▶ **AVAILABLE RECORDS**:

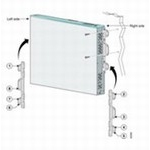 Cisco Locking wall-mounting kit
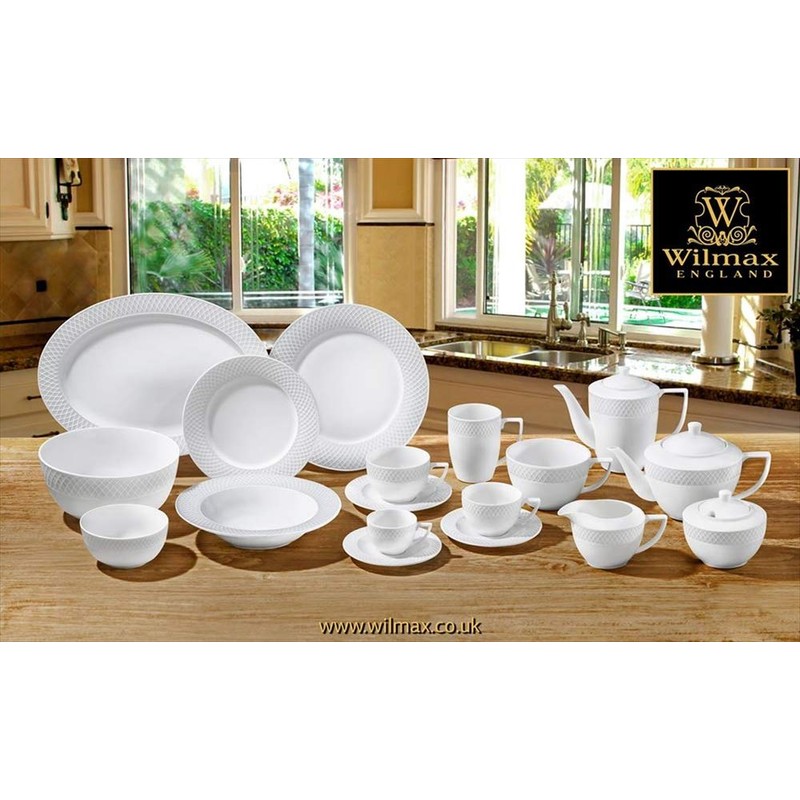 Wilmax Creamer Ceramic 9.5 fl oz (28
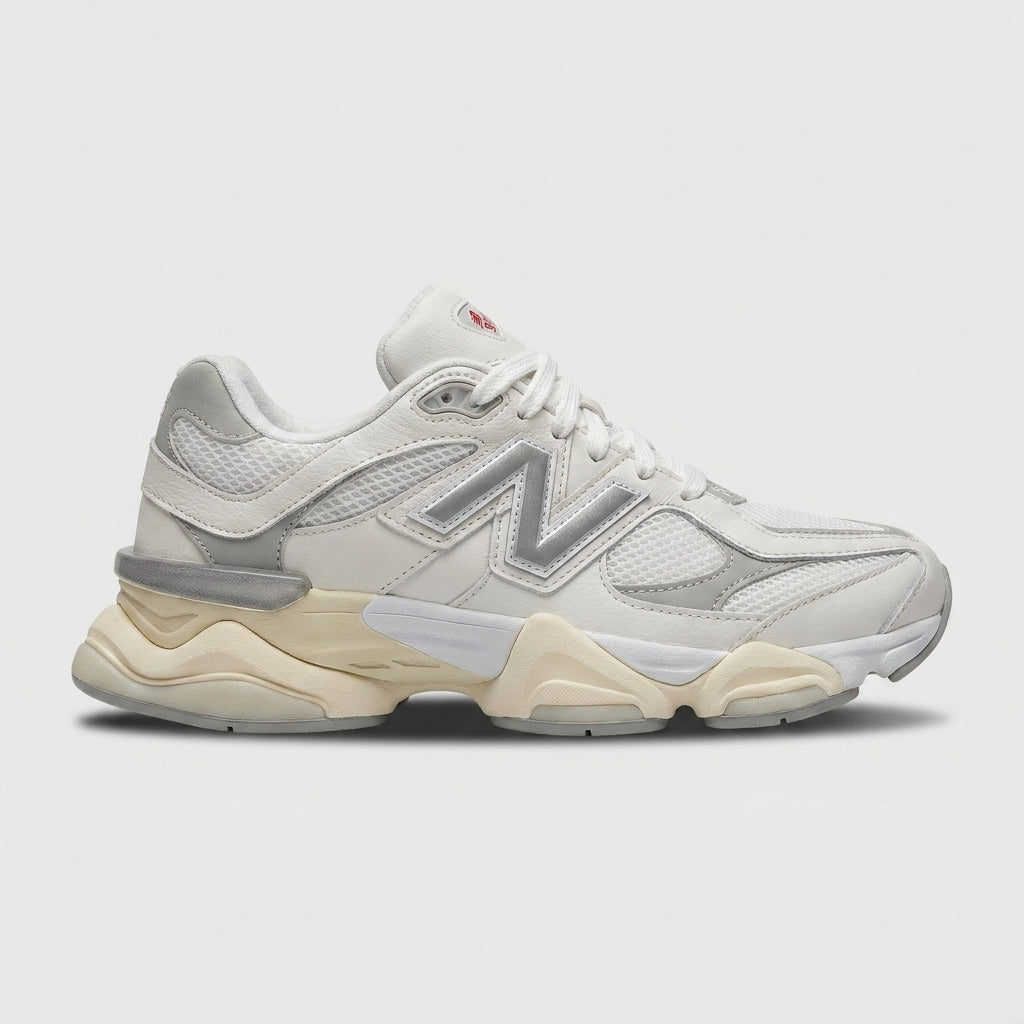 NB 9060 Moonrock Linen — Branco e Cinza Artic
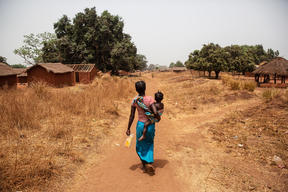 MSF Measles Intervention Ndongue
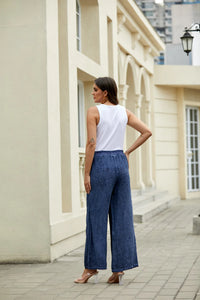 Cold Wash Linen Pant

▶ **TASK DESCRIPTION**:
Where the line containing "NB 9060 Moonrock" appears in the records above, begin copying and continue exactly through the last line, with nothing else; omit every picture.

▶ **REPLY TO THE TASK**:
 NB 9060 Moonrock Linen — Branco e Cinza Artic
 MSF Measles Intervention Ndongue
 Cold Wash Linen Pant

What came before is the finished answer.